Dataset extract
+--

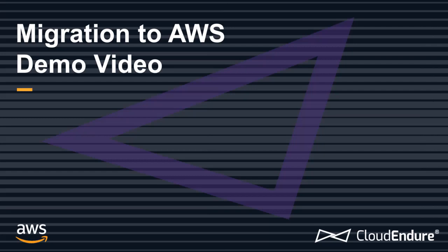CloudEndure performs migration of any application or database from any source, including physical, virtual or cloud, to AWS.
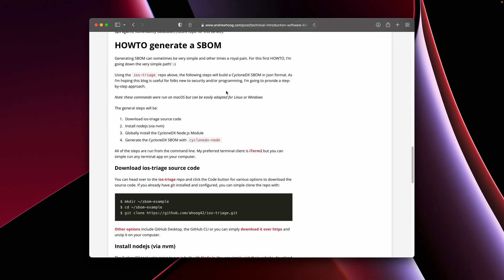I'm going to take you through the complete steps, assuming that you have nothing set up on your system today. I'm running on a Mac, but you could just as easily run this on Windows or Linux. So at a high level, we're going to download the iOS triage source code, install Node.js runtime, globally install the CycloneDX tool, and then lastly generate the software bill of material.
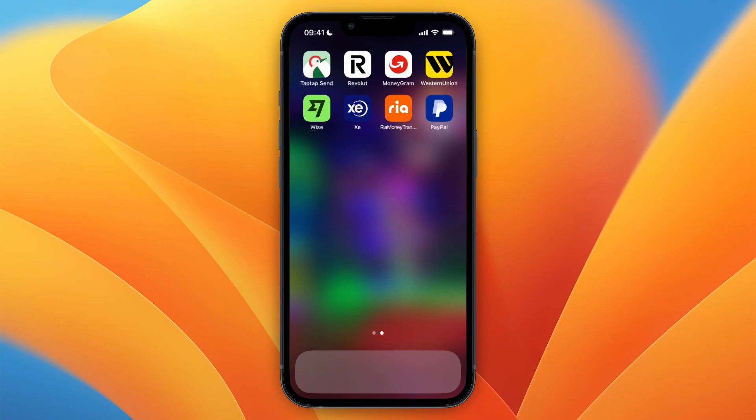I'll go over these quickly. You have Tapped Up Send, which is mainly used to send money to Africa. There's Revolut, which is mainly an online bank but also has international money transfers, although I wouldn't recommend using Revolut because it has very high fees. Then you have MoneyGram, which has some pretty great exchange rates, and so does Western Union. The one I personally always use is Wise — that's my personal favorite. There's also XE Money Transfer, which is also pretty good, and you have Real Money Transfer and PayPal.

+--

Task brief
Your answer must contain the full data, repeated exactly, without pictures.

Solution for this exercise
CloudEndure performs migration of any application or database from any source, including physical, virtual or cloud, to AWS.
I'm going to take you through the complete steps, assuming that you have nothing set up on your system today. I'm running on a Mac, but you could just as easily run this on Windows or Linux. So at a high level, we're going to download the iOS triage source code, install Node.js runtime, globally install the CycloneDX tool, and then lastly generate the software bill of material.
I'll go over these quickly. You have Tapped Up Send, which is mainly used to send money to Africa. There's Revolut, which is mainly an online bank but also has international money transfers, although I wouldn't recommend using Revolut because it has very high fees. Then you have MoneyGram, which has some pretty great exchange rates, and so does Western Union. The one I personally always use is Wise — that's my personal favorite. There's also XE Money Transfer, which is also pretty good, and you have Real Money Transfer and PayPal.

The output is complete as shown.